Mi siedo accanto a lei e incominciamo a parlare, come se fossi lì da sempre. Non ho bisogno di argomenti per rompere l’imbarazzo. Le chiedo di raccontarmi la storia della sua vita. Perché è l’unica cosa che lei ricordi bene, da quando si è ammalata di Alzheimer. E perché oggi, per la prima volta, mi va di sentirla.
«Per me il momento più bello è stato quando tuo padre ci ha lasciato» attacca lei, oramai abituata a omettere ogni episodio spiacevole della sua vita passata. «Io ero ancora molto giovane e ho potuto riprendere la mia carriera senza difficoltà. Ballavo bene, lo dicevano tutti, e quando mi trovavo sotto ai riflettori nessuno riusciva a staccarmi gli occhi di dosso. Sul palco ero davvero felice. Lo ero anche quando tornavo a casa, da te, ma non era la stessa cosa. Solo in scena potevo dimenticare tutto il resto. Provavo una gioia vera, profonda, priva di qualsiasi neo. Tu non puoi capire, era una sorta di estasi”, mi dice riprovando la stessa emozione di allora.»

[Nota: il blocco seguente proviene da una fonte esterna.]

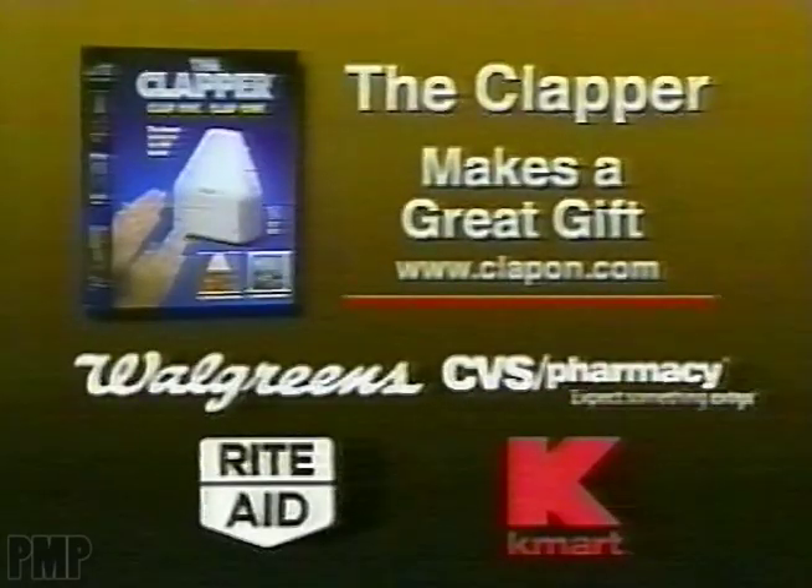Clap on, clap off. The Clapper. Available at Walgreens, CVS, Rite-Aid, and Kmart.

«Perché avevi smesso allora?» le chiedo senza pietà, come se non conoscessi già la risposta.
«Prima erano stati i tuoi nonni a dirmi di smettere. Non volevano che ballassi. Non si limitarono a dirmelo, me lo proibirono e basta. Allora funzionava così. Per questo ho lasciato Londra. A Roma ho dovuto cambiare vita. All’inizio non sono riuscita a trovare nessun ingaggio e per vivere ho iniziato a lavorare in qualche locale notturno. È lì che ho conosciuto tuo padre. Non eravamo innamorati, ma si prendeva cura di me. Usavamo una lingua nuova, un misto di inglese e romano che ci permetteva di comunicare l’indispensabile. E poi lui diceva di volermi sposare, diceva una volta insieme avrei potuto riprendere a ballare in un vero teatro. Poi ha cambiato idea. O forse ho capito male io.

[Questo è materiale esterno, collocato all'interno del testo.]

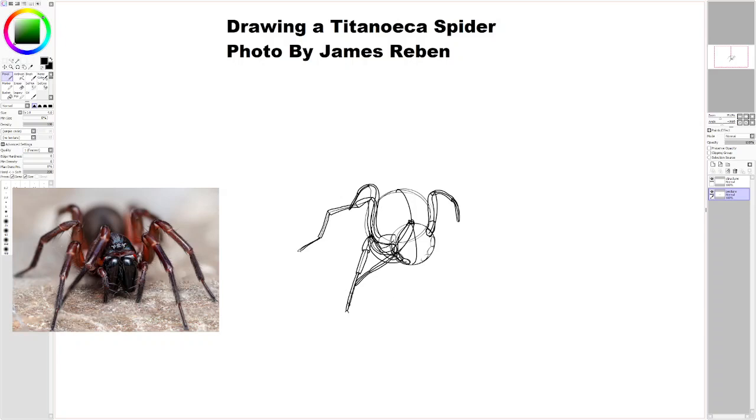Okay, now I want to do this leg. The cool thing about that leg is it's not as difficult to see, so it kind of does that, that, that, and that.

«Per me è stata una fortuna. Quando mi ha lasciato, sono stata di nuovo libera. Tu eri nata da poco, ma ce la siamo cavata. All’inizio venivi con me alle prove, poi ho iniziato a lasciarti a casa da sola. Sei cresciuta subito. E io ero di nuovo libera! Guarda, lì ci sono ancora i giornali che parlano dei miei spettacoli. Leggi le critiche, non fanno altro che parlare di me.»
«Lo sai che sto pensando di ricominciare anch’io con la danza?» dico, interrompendo un monologo immutabile.
«Tu? Ma quanti anni hai?»
ore 19
Di nuovo in macchina. L’afa di stamattina ha lasciato spazio a una tenue pioggerellina. Non c’è nemmeno più il traffico di prima, sembra che siano spariti tutti. Ne approfitto per ignorare qualche semaforo. Non bado alla strada, tanto la conosco a memoria. Accelero e non riesco a soffocare la rabbia. Mi viene da piangere e mi sento una stupida.
Arrivo davanti alla palestra senza nemmeno chiedere indicazioni, non so come ho fatto. Mancano solo dieci minuti alla lezione. Parcheggio davanti all’entrata e resto in macchina a fari spenti. Sotto all’ingresso mal illuminato da un neon non c’è molto movimento. Vedo entrare una ragazza, poi un gruppetto di signore sulla quarantina. Passano altri cinque minuti e ne entrano un altro paio. Poi più niente.
Quando mi avvicino alla palestra sarà passata una mezz’ora dall’inizio della lezione. Dalle grosse vetrate che danno sulla strada posso vedere tutto, senza che nessuno si accorga di me. Dentro ci saranno una decina di persone, non mi prendo la briga di contarle. Una ragazza, la più giovane del gruppo, si muove meglio di tutte. Si vede che non è una principiante. Le altre sono goffe, accennano qualche passo rischiando di cadere, ma sembrano divertirsi. Anche l’insegnante ride con loro.
Controllo l’orologio, sono quasi le dieci. Metto il borsone nel bagagliaio e risalgo in macchina. Sento il mio cellulare che squilla: è Dario. Decido di non rispondere.